=== TASK DETAILS ===
Copy each line below in which the word "with" occurs.

(Caption-style text data)
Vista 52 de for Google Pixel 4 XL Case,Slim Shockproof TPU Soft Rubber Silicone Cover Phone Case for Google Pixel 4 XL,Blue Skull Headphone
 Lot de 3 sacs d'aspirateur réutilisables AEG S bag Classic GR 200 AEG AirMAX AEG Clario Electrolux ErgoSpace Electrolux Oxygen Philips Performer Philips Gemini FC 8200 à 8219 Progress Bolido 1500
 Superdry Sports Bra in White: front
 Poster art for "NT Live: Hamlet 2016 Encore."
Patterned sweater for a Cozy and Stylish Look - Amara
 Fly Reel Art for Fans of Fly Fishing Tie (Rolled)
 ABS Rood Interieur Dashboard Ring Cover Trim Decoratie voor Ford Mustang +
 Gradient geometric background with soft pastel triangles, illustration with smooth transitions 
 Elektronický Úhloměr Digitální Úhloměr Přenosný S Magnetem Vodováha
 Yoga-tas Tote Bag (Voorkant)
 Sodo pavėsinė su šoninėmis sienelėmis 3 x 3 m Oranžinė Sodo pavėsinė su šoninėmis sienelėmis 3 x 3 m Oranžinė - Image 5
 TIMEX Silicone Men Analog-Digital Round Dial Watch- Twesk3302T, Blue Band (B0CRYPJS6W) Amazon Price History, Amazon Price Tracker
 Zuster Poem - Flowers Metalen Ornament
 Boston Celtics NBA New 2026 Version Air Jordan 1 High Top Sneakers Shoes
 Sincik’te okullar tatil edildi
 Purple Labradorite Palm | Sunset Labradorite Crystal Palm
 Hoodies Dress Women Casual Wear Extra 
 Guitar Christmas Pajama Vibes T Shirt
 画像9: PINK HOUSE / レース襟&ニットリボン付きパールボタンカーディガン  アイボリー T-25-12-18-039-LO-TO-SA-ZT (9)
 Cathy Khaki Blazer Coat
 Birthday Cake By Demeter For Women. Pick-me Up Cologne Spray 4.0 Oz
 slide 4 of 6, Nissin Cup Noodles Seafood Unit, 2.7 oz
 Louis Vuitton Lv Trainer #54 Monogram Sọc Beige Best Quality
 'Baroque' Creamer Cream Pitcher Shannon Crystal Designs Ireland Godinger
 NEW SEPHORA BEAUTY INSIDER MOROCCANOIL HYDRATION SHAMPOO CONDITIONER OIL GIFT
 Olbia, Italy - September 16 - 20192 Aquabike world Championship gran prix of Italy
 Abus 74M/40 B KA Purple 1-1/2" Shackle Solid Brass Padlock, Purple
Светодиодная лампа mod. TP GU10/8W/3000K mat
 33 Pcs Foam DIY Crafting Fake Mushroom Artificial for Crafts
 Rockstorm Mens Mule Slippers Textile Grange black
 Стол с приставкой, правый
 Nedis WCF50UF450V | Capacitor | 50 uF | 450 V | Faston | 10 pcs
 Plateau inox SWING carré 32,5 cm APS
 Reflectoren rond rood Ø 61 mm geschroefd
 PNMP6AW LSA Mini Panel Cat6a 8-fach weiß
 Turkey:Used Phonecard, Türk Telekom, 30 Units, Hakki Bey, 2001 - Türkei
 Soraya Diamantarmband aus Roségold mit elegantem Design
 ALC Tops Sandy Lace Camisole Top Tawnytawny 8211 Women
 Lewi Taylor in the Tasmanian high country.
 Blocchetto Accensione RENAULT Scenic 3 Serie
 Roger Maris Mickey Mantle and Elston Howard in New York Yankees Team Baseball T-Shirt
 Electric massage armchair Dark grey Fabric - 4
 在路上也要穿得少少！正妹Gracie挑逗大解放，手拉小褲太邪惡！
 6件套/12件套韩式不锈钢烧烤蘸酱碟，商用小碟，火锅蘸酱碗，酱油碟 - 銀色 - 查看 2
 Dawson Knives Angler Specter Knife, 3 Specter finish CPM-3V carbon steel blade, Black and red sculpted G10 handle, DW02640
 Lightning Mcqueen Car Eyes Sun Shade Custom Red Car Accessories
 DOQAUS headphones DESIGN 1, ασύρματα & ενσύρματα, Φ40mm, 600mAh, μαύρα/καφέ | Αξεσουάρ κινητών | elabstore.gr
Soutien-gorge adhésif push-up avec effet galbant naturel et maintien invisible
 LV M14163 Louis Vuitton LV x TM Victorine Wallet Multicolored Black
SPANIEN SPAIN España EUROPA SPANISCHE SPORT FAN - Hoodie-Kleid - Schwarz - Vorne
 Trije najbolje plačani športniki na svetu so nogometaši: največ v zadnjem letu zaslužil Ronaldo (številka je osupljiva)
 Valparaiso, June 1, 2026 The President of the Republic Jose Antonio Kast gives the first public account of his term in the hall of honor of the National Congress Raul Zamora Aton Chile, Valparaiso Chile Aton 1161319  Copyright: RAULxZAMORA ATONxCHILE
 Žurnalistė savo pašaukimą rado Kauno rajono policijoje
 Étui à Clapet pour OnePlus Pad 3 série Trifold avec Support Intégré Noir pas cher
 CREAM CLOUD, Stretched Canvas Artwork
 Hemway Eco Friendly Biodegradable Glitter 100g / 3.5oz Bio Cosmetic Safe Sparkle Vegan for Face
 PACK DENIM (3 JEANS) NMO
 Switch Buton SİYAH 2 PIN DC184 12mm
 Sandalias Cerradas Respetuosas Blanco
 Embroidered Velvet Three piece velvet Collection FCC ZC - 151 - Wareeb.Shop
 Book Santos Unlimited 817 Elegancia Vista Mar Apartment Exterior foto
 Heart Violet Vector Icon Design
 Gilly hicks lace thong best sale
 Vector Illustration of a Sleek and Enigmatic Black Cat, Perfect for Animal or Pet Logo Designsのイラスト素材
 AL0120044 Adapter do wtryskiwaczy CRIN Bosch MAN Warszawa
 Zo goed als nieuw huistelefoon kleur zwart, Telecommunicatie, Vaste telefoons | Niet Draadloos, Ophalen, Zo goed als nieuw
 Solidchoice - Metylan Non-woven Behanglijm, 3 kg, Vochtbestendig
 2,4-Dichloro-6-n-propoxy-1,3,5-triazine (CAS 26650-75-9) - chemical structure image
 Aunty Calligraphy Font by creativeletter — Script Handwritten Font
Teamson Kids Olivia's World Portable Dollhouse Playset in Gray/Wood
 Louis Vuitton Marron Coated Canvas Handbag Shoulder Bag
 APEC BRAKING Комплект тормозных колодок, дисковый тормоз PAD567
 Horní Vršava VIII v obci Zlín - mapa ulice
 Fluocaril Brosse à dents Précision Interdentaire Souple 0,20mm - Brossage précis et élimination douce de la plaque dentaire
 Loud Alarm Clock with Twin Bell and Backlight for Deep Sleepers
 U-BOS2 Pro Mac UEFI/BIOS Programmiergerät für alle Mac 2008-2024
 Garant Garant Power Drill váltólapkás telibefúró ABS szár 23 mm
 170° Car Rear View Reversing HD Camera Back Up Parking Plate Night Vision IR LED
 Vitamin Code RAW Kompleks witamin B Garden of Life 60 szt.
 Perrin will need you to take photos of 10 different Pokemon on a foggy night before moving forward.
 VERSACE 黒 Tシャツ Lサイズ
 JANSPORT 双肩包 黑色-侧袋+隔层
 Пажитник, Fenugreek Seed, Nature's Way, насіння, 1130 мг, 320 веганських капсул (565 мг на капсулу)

=== SOLVED EXERCISE ===
 Gradient geometric background with soft pastel triangles, illustration with smooth transitions 
 Loud Alarm Clock with Twin Bell and Backlight for Deep Sleepers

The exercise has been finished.